EXERCISE DIRECTIONS
The copy should hold exactly the lines below from the one that contains "Apart-hotel Playaolid &" through the one that contains "840 Huntington Pl — photo" and nothing else, so no pictures.

SUPPLIED INFORMATION

▼▼▼

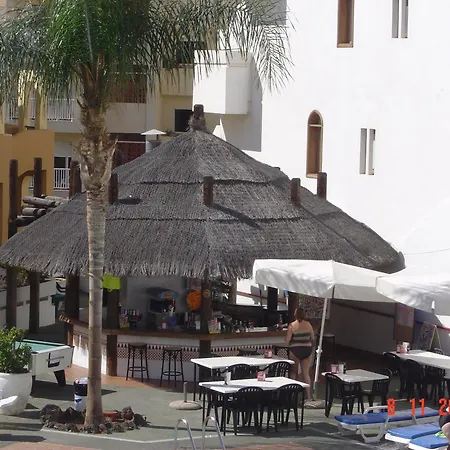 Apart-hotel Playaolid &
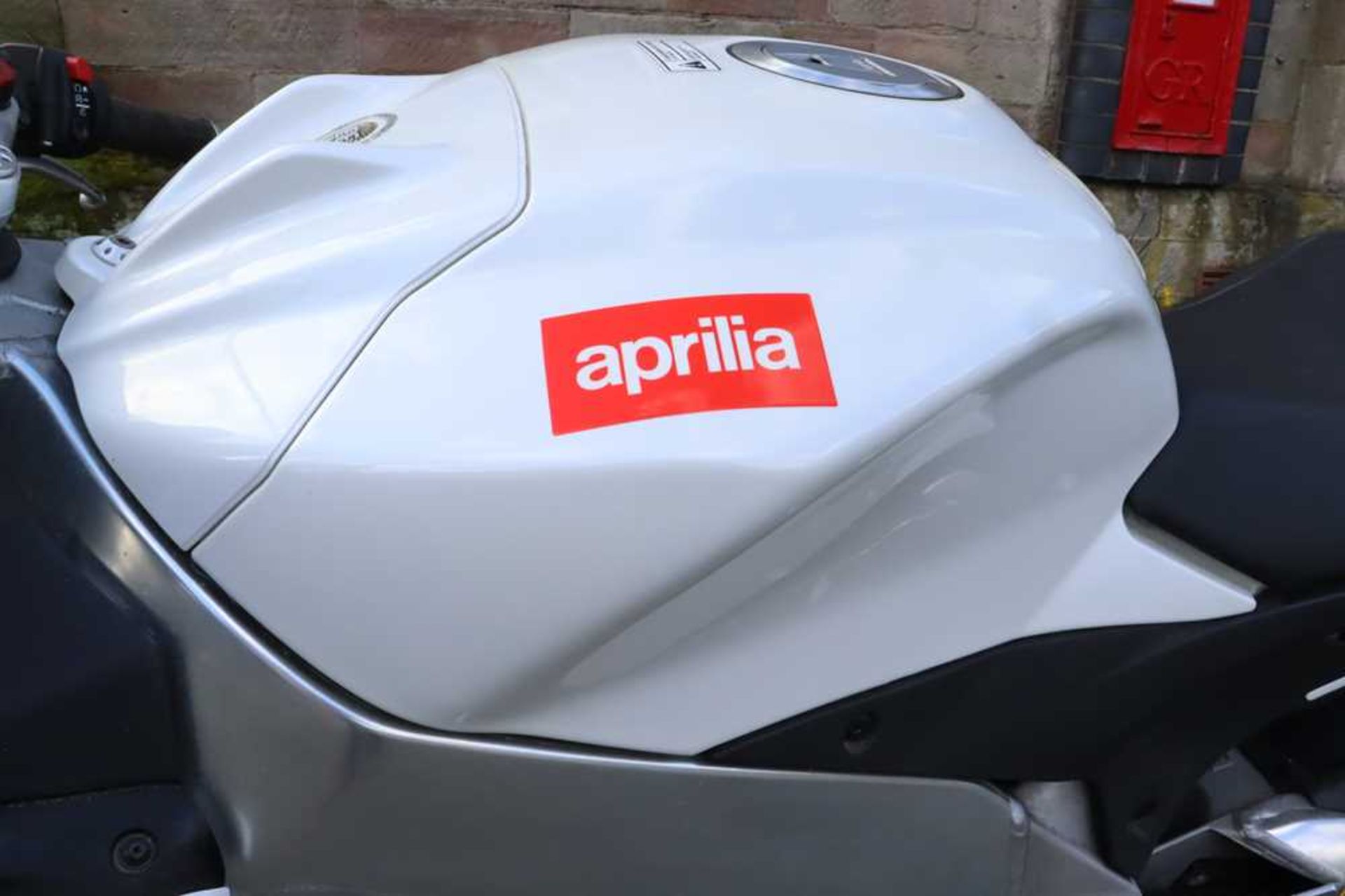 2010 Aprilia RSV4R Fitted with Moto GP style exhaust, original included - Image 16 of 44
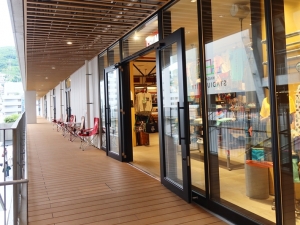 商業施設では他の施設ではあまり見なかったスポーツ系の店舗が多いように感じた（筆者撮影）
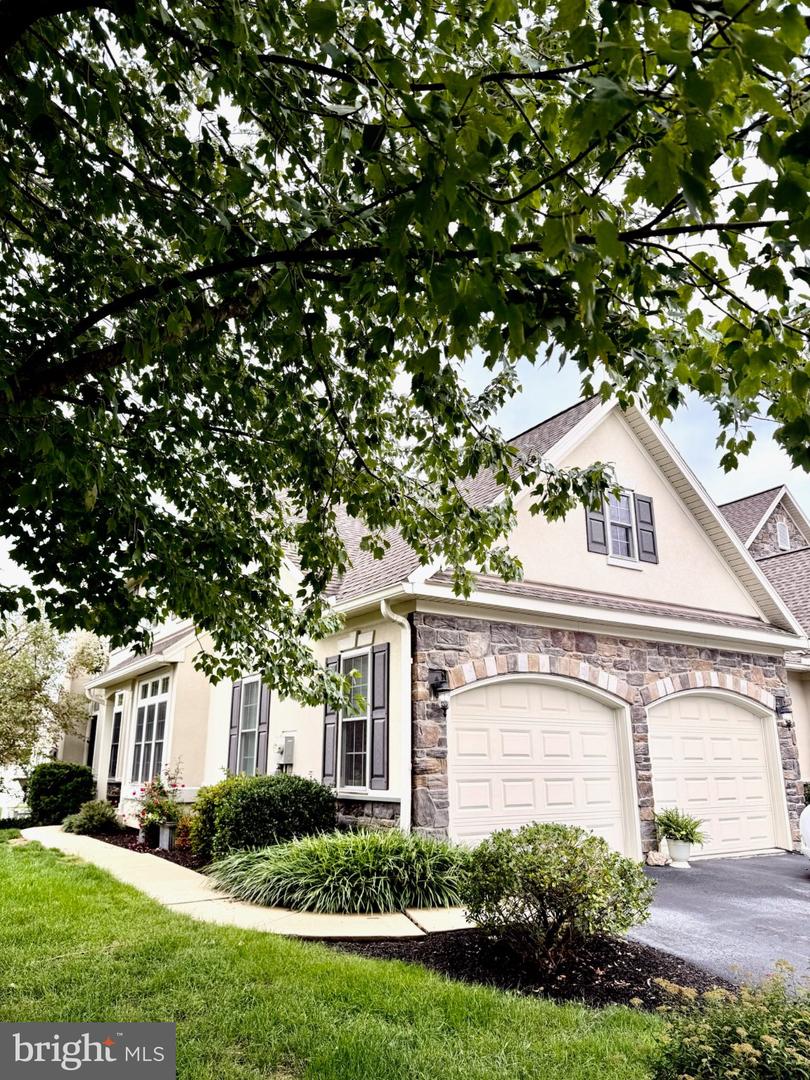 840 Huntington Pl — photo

▲▲▲
▼▼▼

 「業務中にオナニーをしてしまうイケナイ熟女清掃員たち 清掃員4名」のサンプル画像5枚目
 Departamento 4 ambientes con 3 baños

▲▲▲
▼▼▼

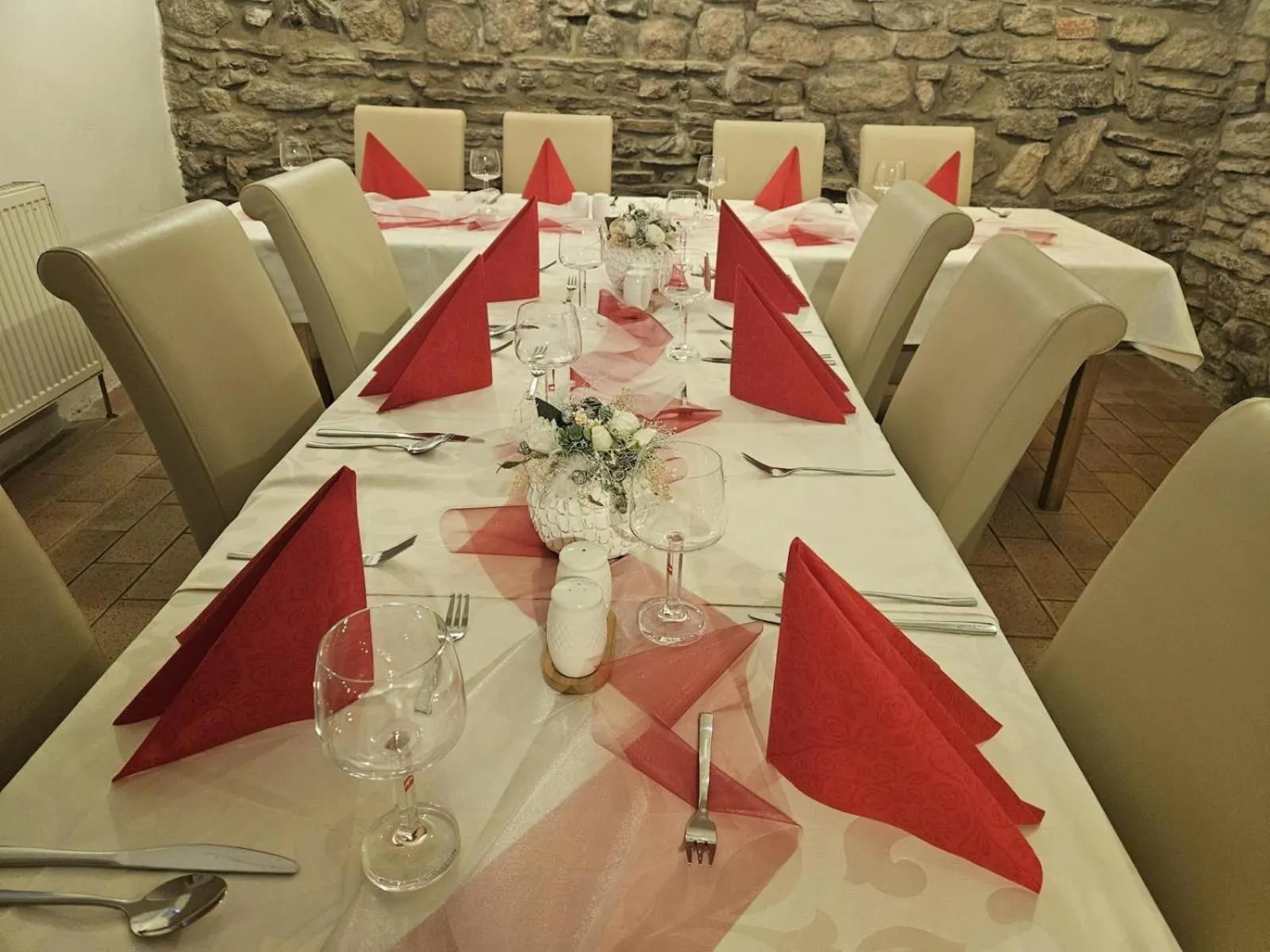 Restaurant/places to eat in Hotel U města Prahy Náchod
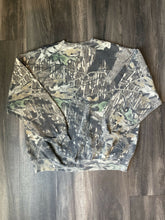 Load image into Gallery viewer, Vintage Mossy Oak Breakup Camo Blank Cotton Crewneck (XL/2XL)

▲▲▲

WRITTEN ANSWER
 Apart-hotel Playaolid &
 2010 Aprilia RSV4R Fitted with Moto GP style exhaust, original included - Image 16 of 44
 商業施設では他の施設ではあまり見なかったスポーツ系の店舗が多いように感じた（筆者撮影）
 840 Huntington Pl — photo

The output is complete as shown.